**Requirement:**
In the records below, the lines between the one holding "Restaurant/places to eat" and the one holding "Транспорт: Mercedes-Benz E-Class: 1999", inclusive, are to be transcribed exactly; no pictures are to be included.

[Material for the task — start]

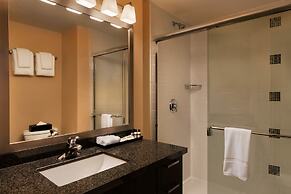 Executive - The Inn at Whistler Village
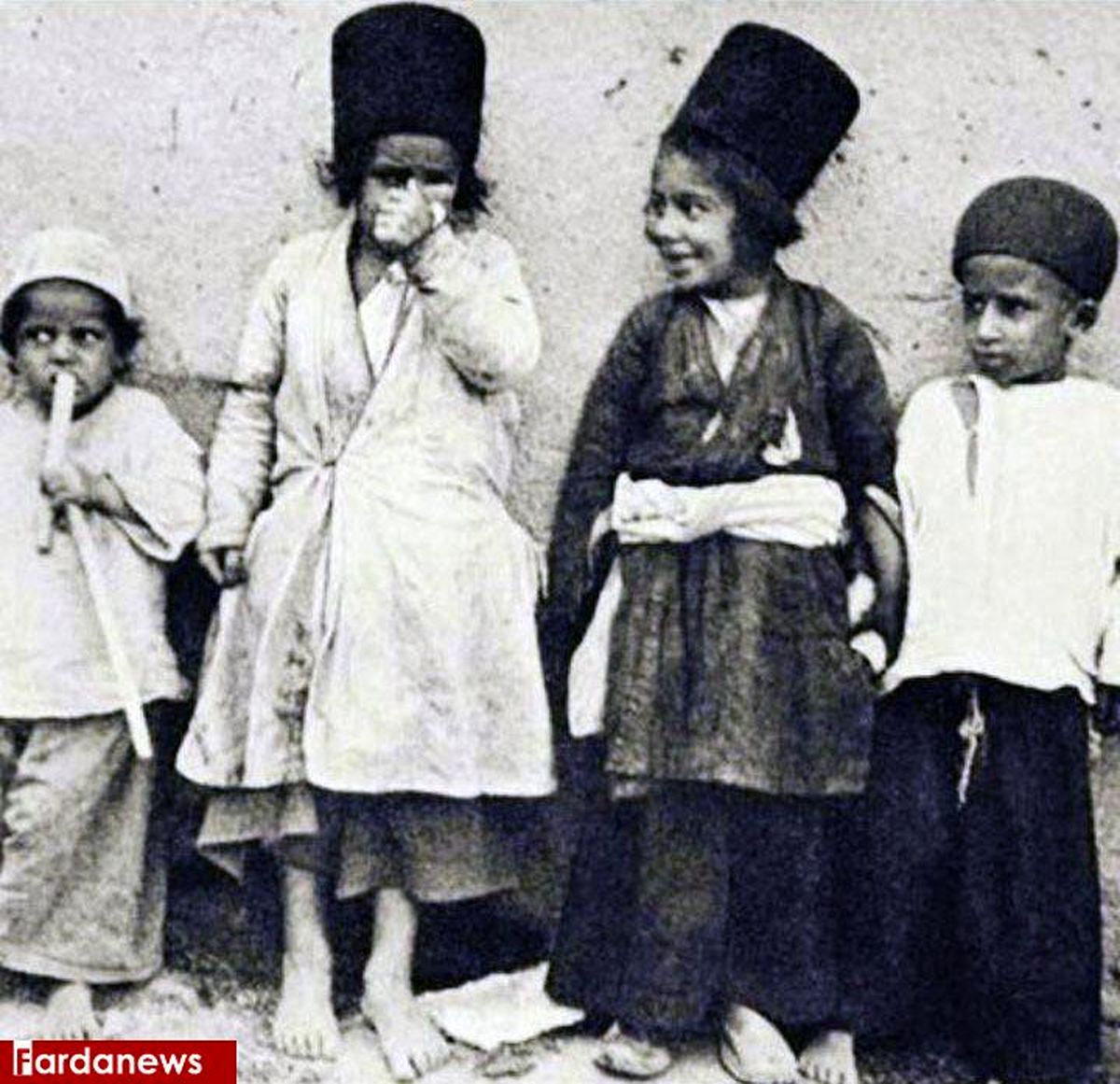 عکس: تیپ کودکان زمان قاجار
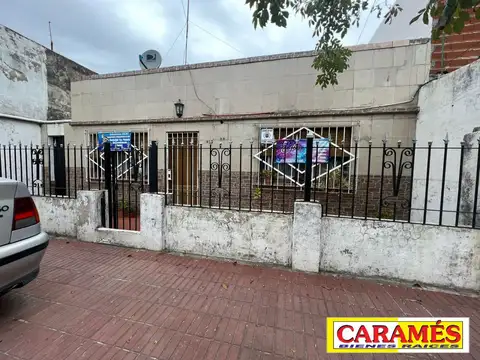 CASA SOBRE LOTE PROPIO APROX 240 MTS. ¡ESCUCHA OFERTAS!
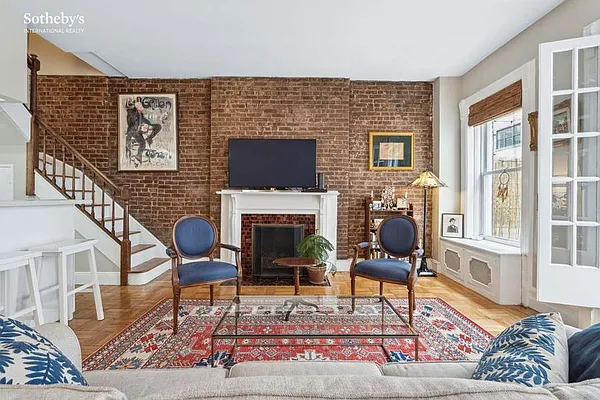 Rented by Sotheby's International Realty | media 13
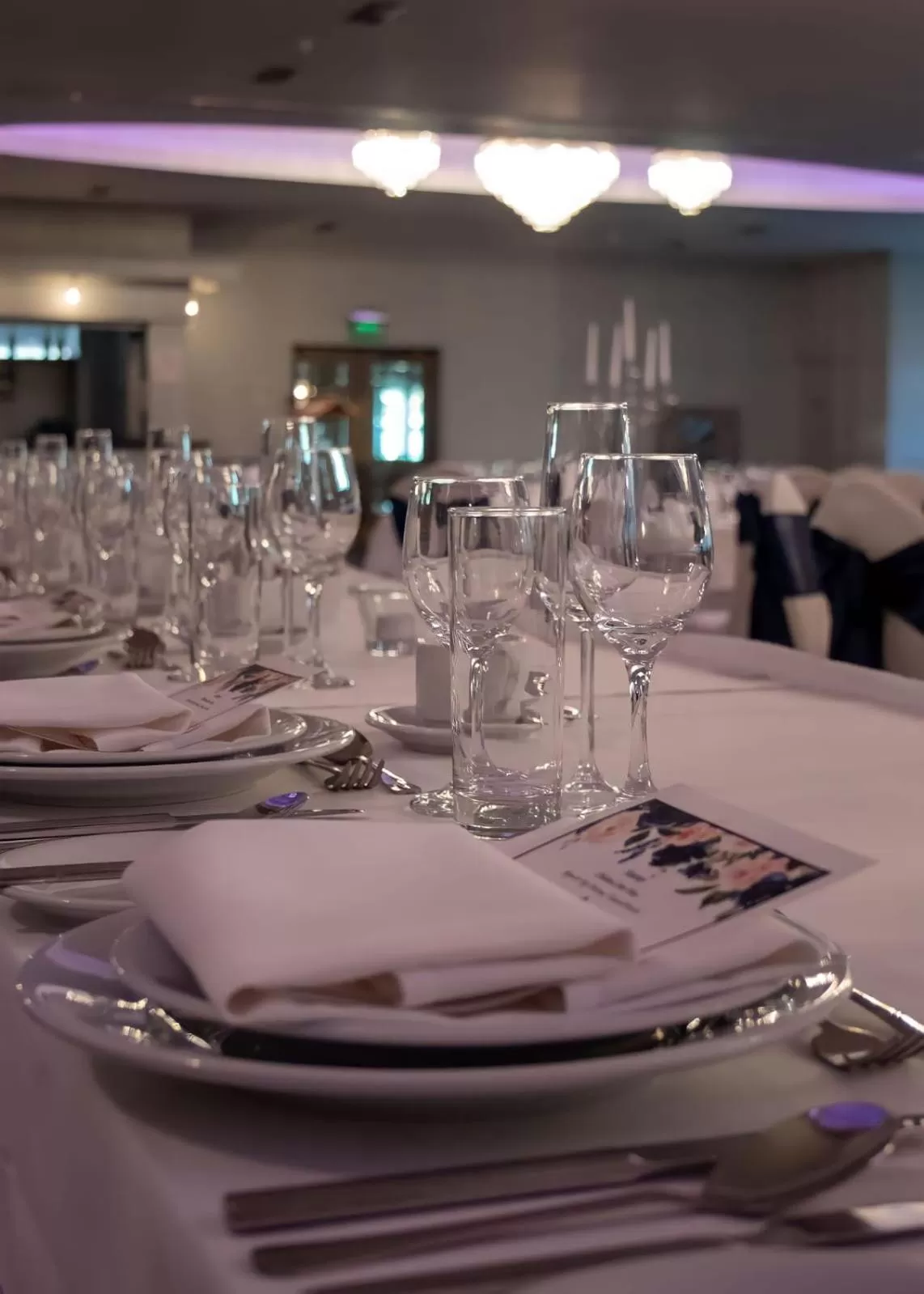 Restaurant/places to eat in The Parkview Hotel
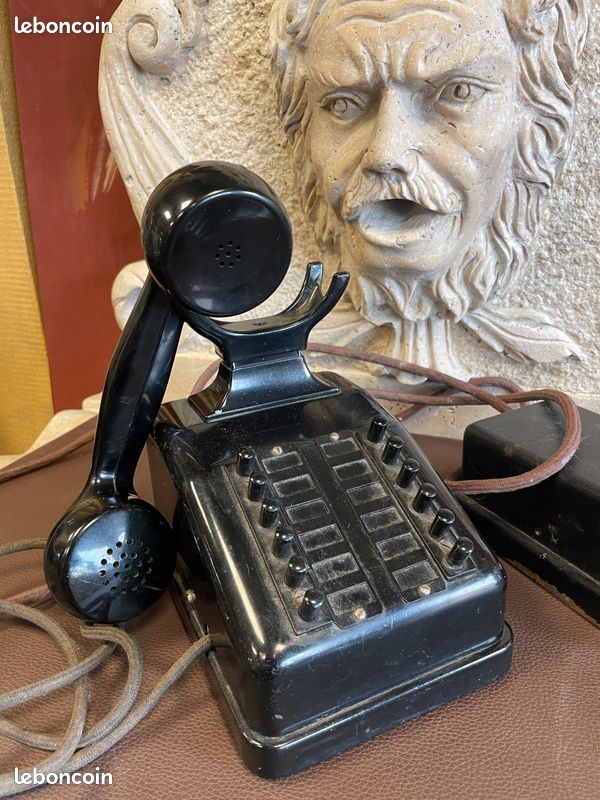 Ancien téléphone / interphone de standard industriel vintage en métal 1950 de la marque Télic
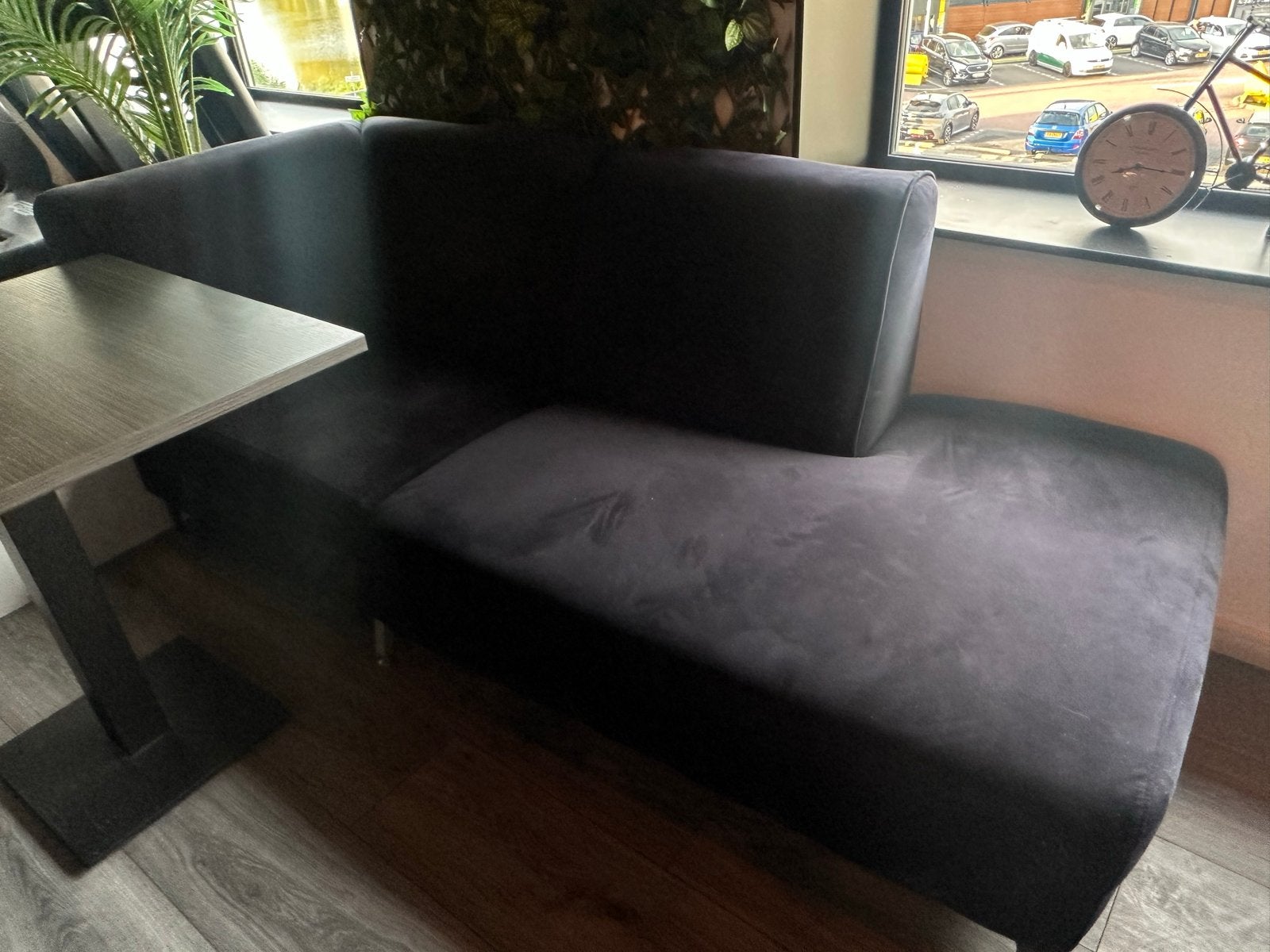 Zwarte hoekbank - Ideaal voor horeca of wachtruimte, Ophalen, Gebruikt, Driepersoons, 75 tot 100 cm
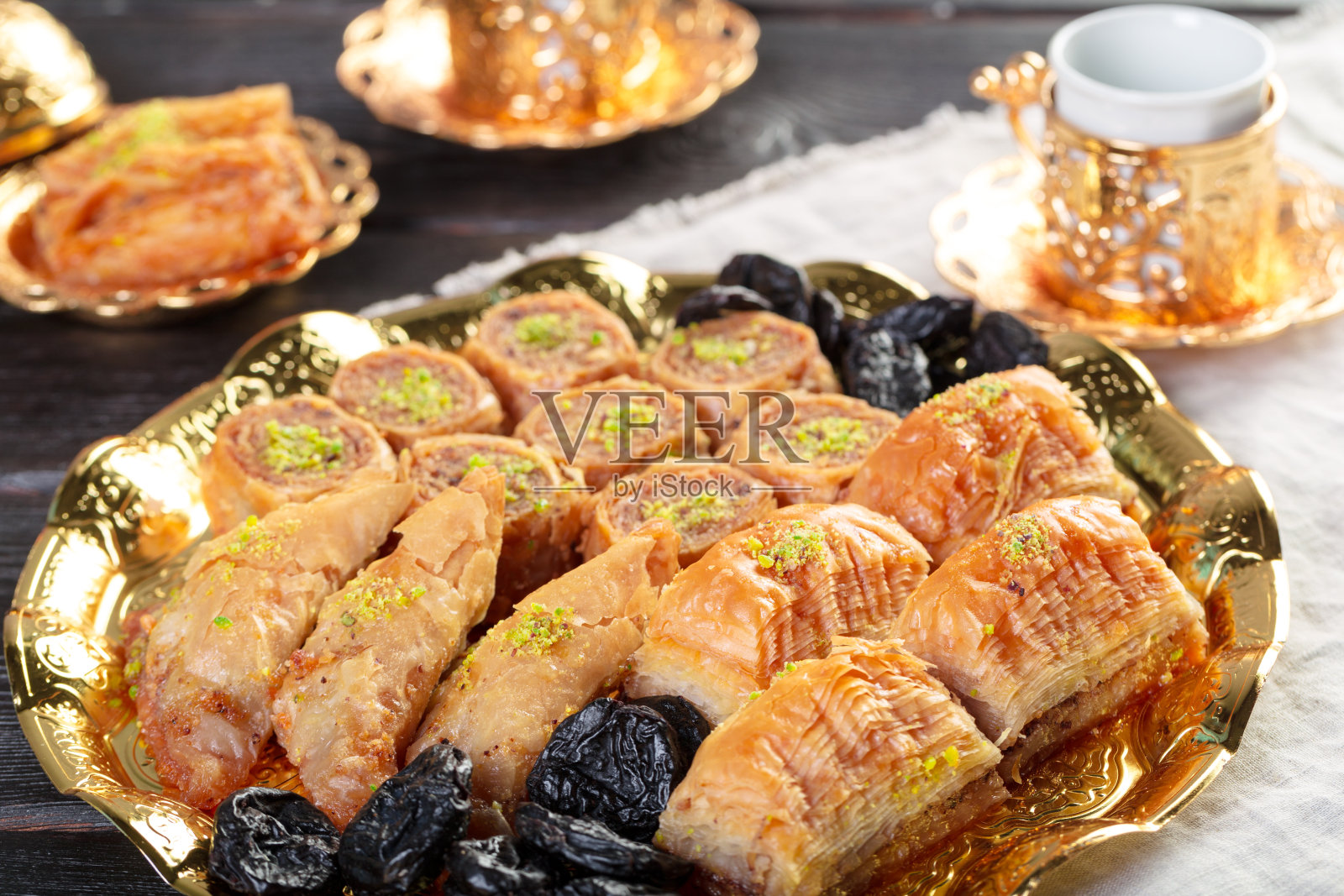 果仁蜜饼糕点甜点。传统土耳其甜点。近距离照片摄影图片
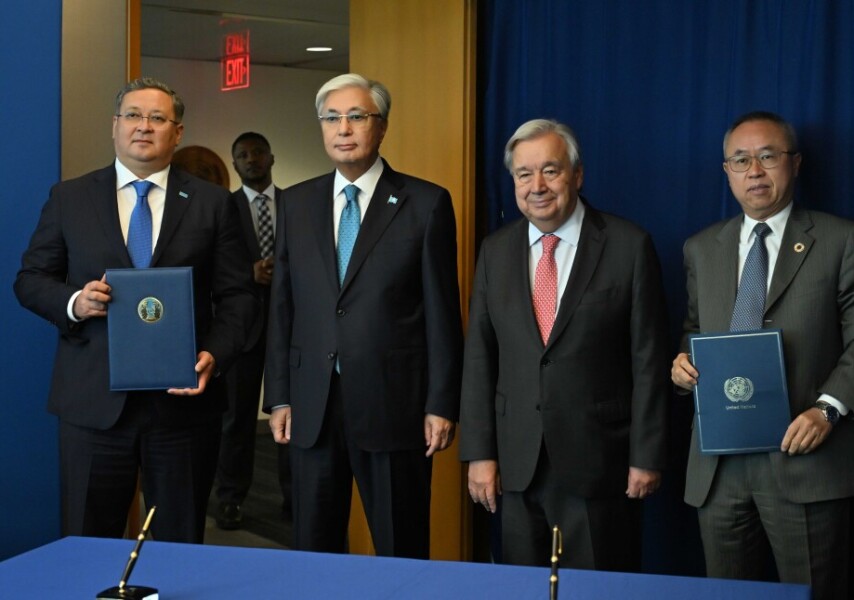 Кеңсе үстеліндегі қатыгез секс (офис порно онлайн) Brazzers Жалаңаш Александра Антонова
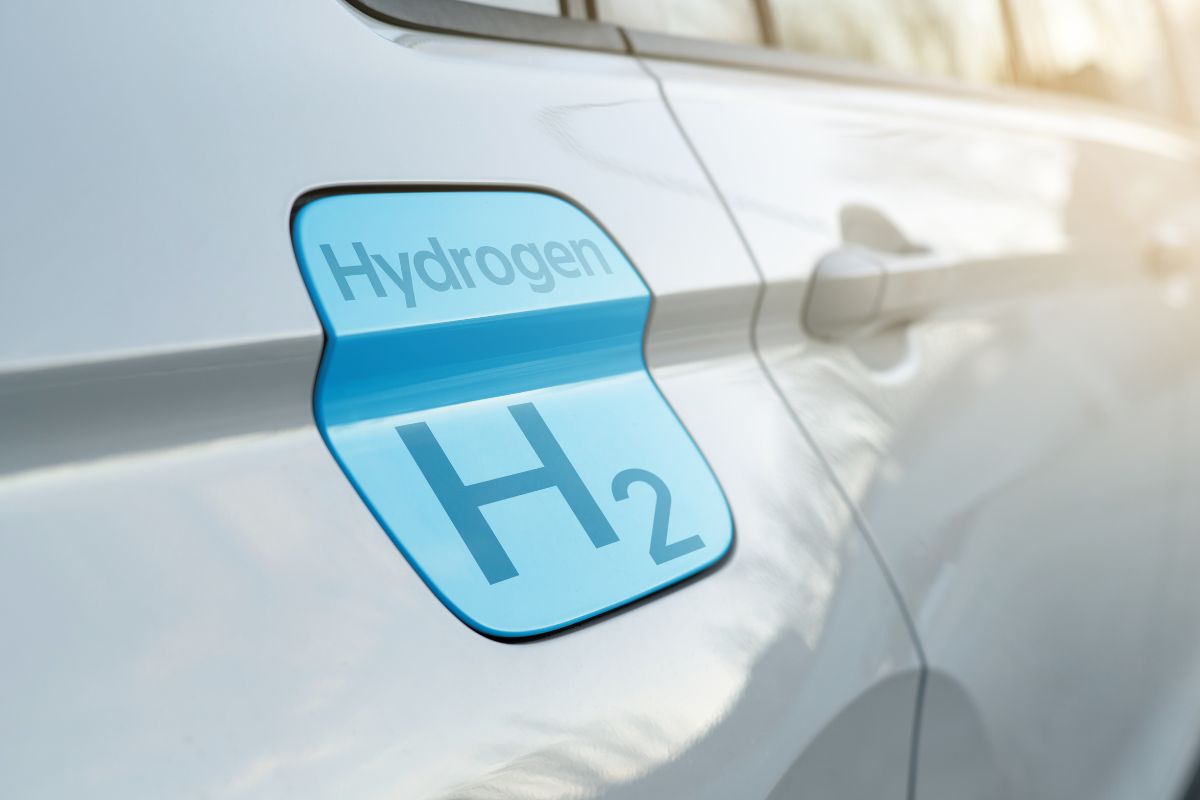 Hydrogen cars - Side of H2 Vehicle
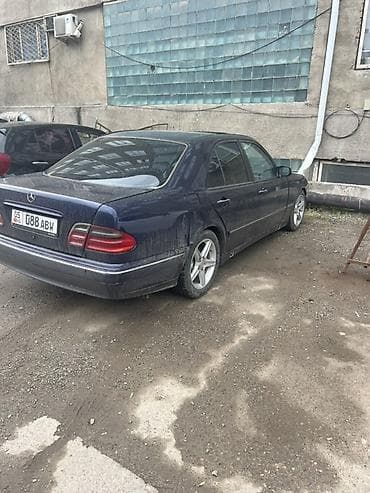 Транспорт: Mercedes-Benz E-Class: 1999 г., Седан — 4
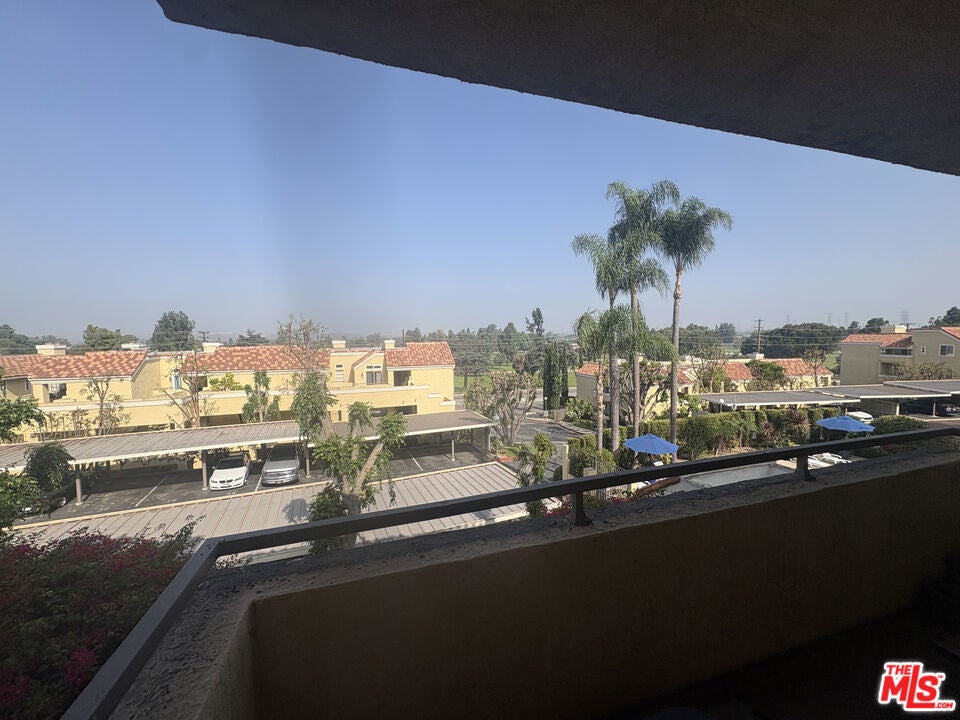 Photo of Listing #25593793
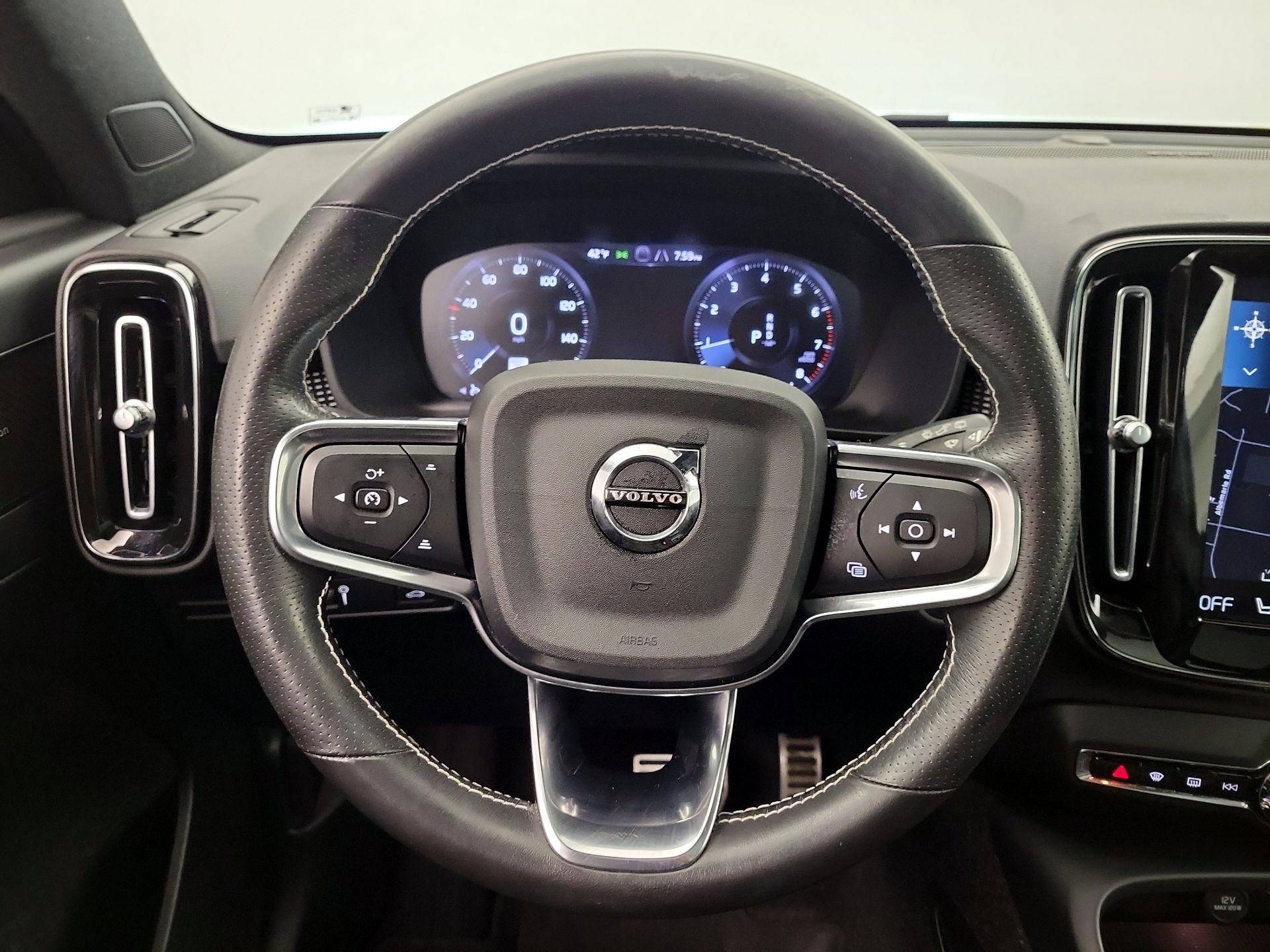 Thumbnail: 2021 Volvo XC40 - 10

[Material for the task — finish]

**Output for this exercise:**
 Restaurant/places to eat in The Parkview Hotel
 Ancien téléphone / interphone de standard industriel vintage en métal 1950 de la marque Télic
 Zwarte hoekbank - Ideaal voor horeca of wachtruimte, Ophalen, Gebruikt, Driepersoons, 75 tot 100 cm
 果仁蜜饼糕点甜点。传统土耳其甜点。近距离照片摄影图片
 Кеңсе үстеліндегі қатыгез секс (офис порно онлайн) Brazzers Жалаңаш Александра Антонова
 Hydrogen cars - Side of H2 Vehicle
 Транспорт: Mercedes-Benz E-Class: 1999 г., Седан — 4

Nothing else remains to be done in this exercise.